Clearly, they were sitting outside waiting for a UFO to fly over or
something. Instead, they see a trail of dust in the distance, and a
old but shiny green pick-up with two young whippersnappers driving
up. My concern at this point was that they would take a shoot out one of
our tires or something, just for sport and because we were
trespassing. I was worried that since they clearly chose to live way
beyond civilization, they would also feel beyond civilization's rules.
And who wouldn’t want to have a little fun with two scared
teenagers dumb enough to get lost and end up on private property with
a near-empty gas tank? Jeff and I quickly debated the merits of
stopping to explain ourselves vs. driving right past them. It became
clear that we were the first human beings that had ventured into
them-thar-parts in quite a while, as evidenced by their long stares.

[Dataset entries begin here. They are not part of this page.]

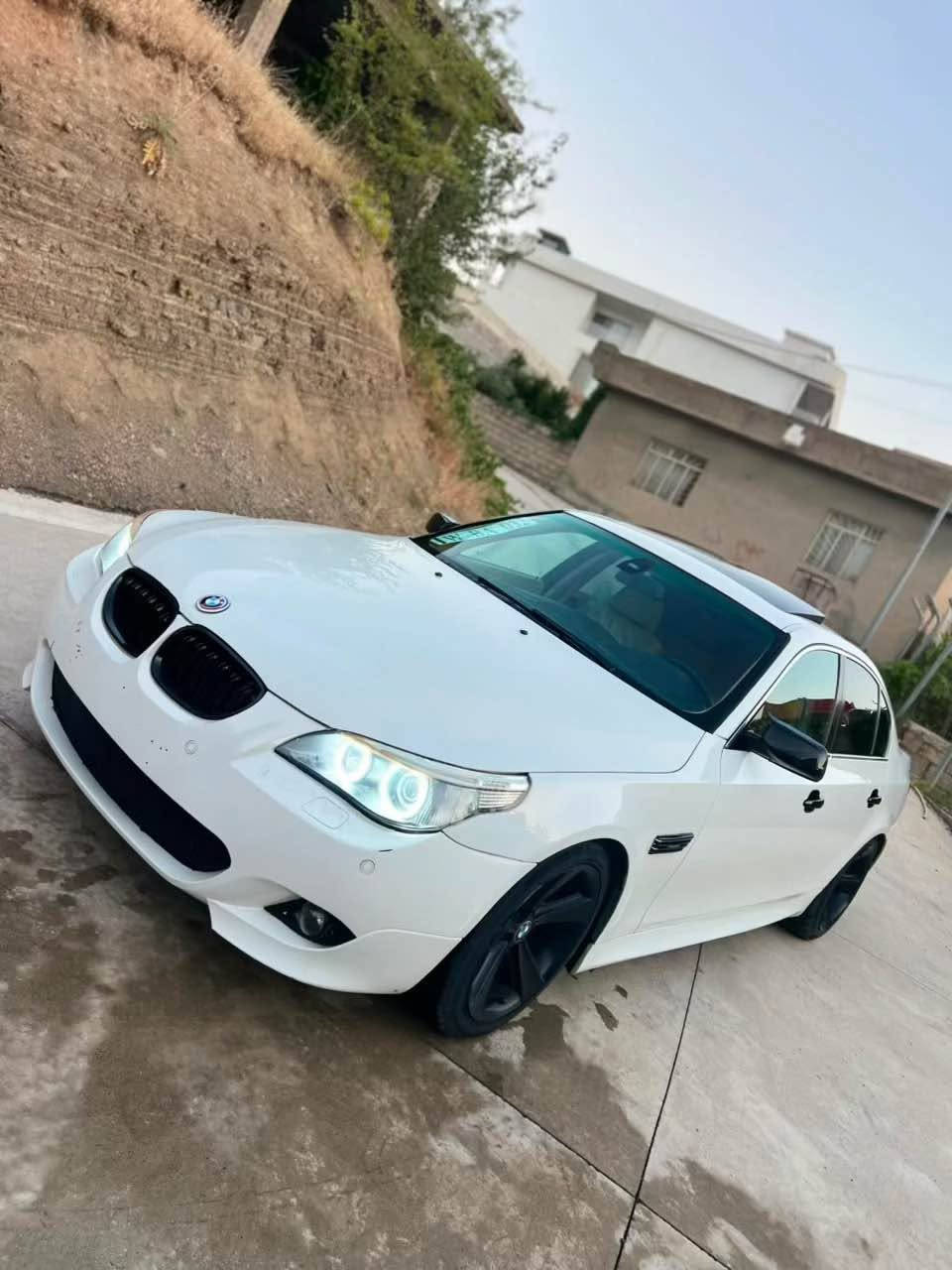 2006- BMW E60 530i NOZL KURT 
نؤزل كورتي 530 
بيلاد M
سلايد
دمعامى و دوّسه كراوهته M5 ستايل بالّى سه ر سندوق دانراوه
باترى نوىّ
لايت زينون
دهحم وليدراوى نيه  سقفو عيجام به شرت مه نه فيسته كيرٍ ومه كينه و
كاره بايات به شه رت سعري 58 تؤزيك مه جال 
T.B: براويه
***********
*********** سوران, أربيل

Every so often one of them would lean over and spit in the dirt. It
really was like a movie, in slow motion. They didn’t take their
eyes off of us, or we off them. We crept along, trying not to stir up
dust, and decided that the best course of action would be to skip the
pleasantries and head for the hills. So we did. We had to pass fairly
close to these gents, and as soon as we were well enough past them,
we sped up and high-tailed it for the highway. Fortunately, it wasn’t
too much longer til we got to the road, and we managed to get to the ‘Last
Chance Gas Station’ to fill up before we ran out of gas. That was close!

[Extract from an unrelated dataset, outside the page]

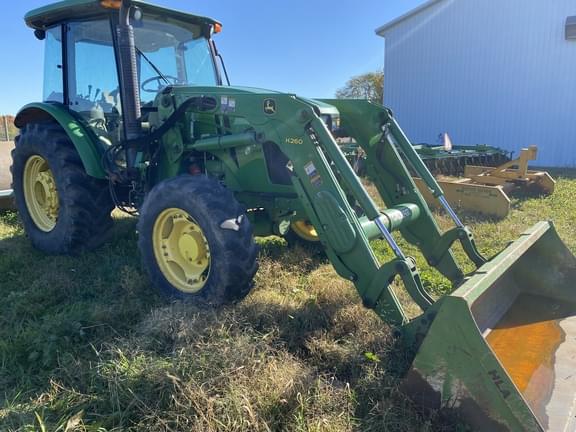 Image of John Deere 5100E equipment image 1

Saturday, January 07, 2012
OTRW Jeff
When Jeff first started working at his current job, his coworkers were fascinated with his 'former life' in Colorado. All the stuff that seemed so normal to us was, apparently, very interesting. What?! You haven't skated around a dead steer with your honey? Oh. Back to my story. Jeff's coworkers loved to hear his stories, both of the farm he worked on in high school, and of his Uncle's ranch in Gateway, Colorado. They began to refer to these impromptu story times as 'On The Ranch With Jeff,' or OTRW Jeff for short. I have written about quite a few of our mutual tales from the farm (here), but not much about the ranch. My goal is to pester him politely ask him to rehash the stories for me so I can record them for posterity. First, some background:
Jeff's Uncle lived and worked on a ranch in Gateway, Colorado, that had been in his family for several generations. Gateway is (was?*) a tiny little community so small that every graduate received a handmade quilt upon their graduation. (There were usually only one or two graduates, maybe three.) The ranch was 1500 acres, situated in a valley and running up to the mountain top. They had about 325 head of cattle. Jeff spent several months living and working on the ranch. He lived with his Aunt, Uncle, and cousin Amber.

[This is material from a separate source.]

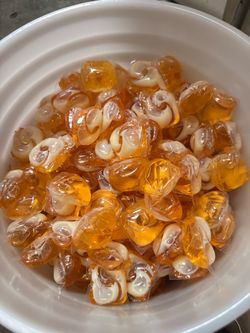 Laundry Detergent Pods  5 gallon bucket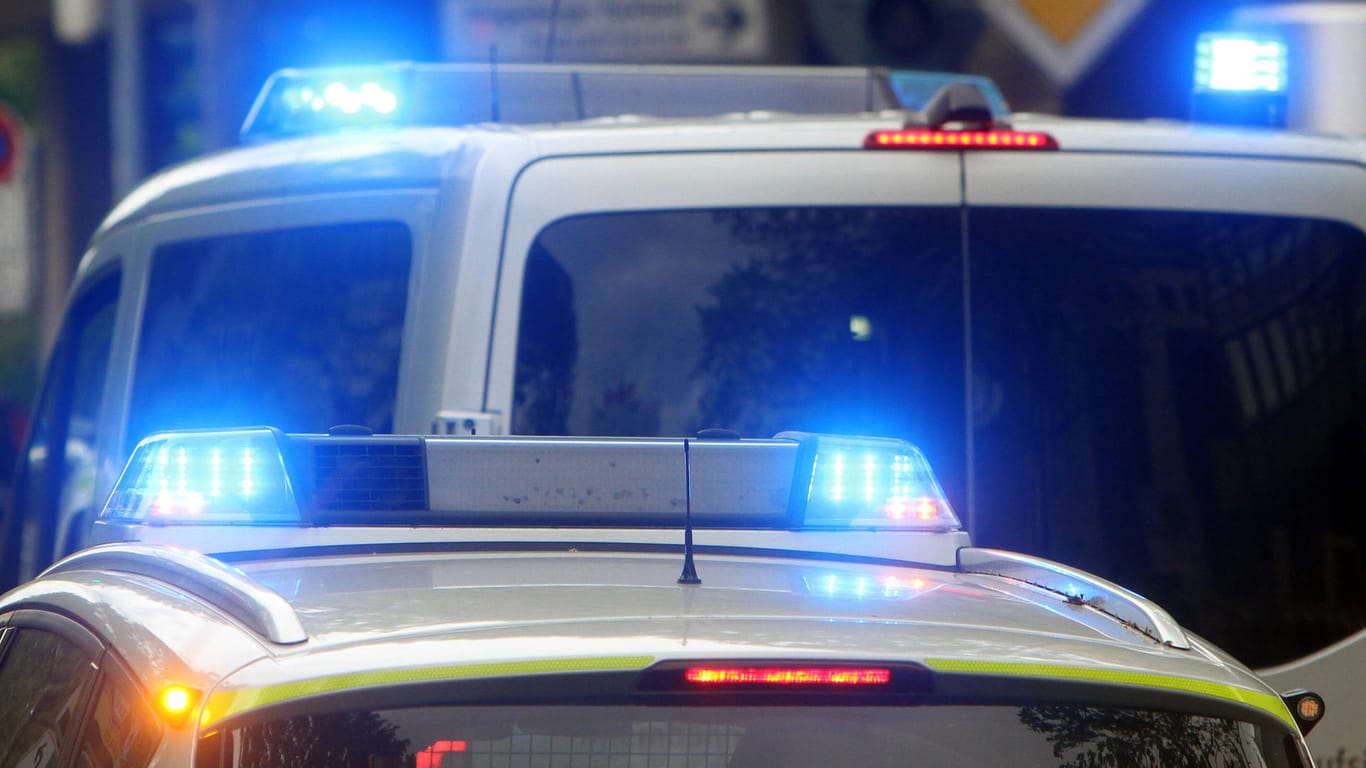 Polizeiwagen mit Blaulicht: Der Verdächtige ließ sich ohne Widerstand festnehmen (Symbolbild).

And now on to the story (sorry...this post is getting out of hand!) Jeff had a new wrist-rocket style sling shot that he was dying to try out. He had found a handful of nuts (as in nuts and bolts) that fit quite nicely in his slingshot. He and his cousin were standing around outside the farm house while the chickens milled about. He saw a white chicken along the ditch bank and decided to take a shot at it. He hit what he was aiming for, and the chicken fell into the ditch. Jeff saw the mortified look on his cousins face and knew that he was in trouble. He was sure the chicken was dead. He ran to the ditch and reached in to grab the chicken. At the moment he reached in that chicken came to, flapping like crazy. It came flying out and scared Jeff half to death. I'm not sure who was more relieved in the end, Jeff or the chicken!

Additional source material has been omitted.